DATA RECORDS:
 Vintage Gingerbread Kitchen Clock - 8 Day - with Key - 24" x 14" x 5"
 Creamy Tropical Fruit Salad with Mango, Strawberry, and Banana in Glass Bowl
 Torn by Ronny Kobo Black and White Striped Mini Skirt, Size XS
==
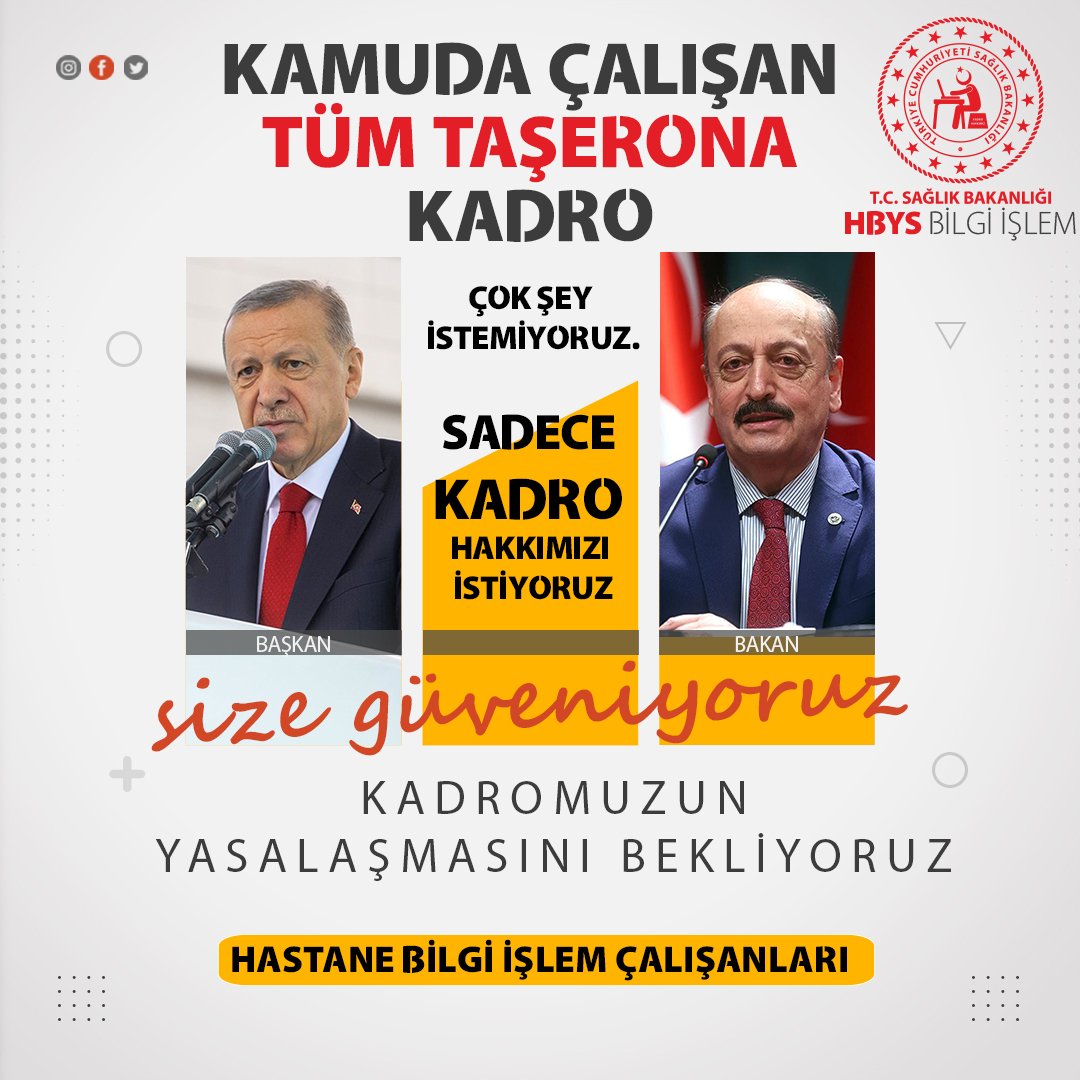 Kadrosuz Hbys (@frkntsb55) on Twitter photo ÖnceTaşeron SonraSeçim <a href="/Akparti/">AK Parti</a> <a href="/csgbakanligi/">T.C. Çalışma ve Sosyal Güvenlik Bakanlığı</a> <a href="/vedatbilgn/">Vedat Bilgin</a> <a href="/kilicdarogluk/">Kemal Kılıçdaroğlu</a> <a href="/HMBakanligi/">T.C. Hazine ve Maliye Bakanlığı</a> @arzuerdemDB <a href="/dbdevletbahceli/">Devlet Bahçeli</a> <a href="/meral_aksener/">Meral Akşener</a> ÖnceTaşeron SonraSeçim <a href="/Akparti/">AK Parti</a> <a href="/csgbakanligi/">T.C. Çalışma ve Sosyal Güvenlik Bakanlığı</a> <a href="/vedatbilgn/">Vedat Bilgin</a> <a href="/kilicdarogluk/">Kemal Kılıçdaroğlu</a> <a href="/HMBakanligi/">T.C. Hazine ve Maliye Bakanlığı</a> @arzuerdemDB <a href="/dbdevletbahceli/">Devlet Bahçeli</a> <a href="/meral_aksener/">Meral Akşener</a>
* * *
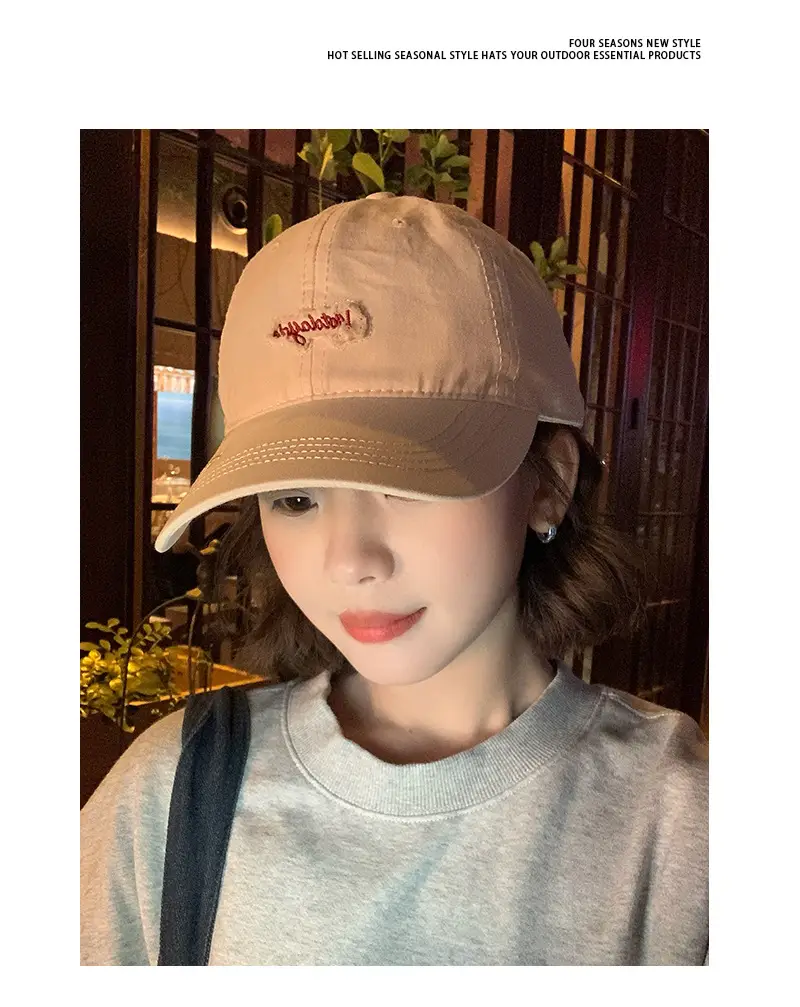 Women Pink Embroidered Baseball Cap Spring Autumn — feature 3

TASK:
Please make an exact copy of the lines above from the line with "Creamy Tropical Fruit" through the line with "Torn by Ronny", both ends included.

EXERCISE OUTPUT:
 Creamy Tropical Fruit Salad with Mango, Strawberry, and Banana in Glass Bowl
 Torn by Ronny Kobo Black and White Striped Mini Skirt, Size XS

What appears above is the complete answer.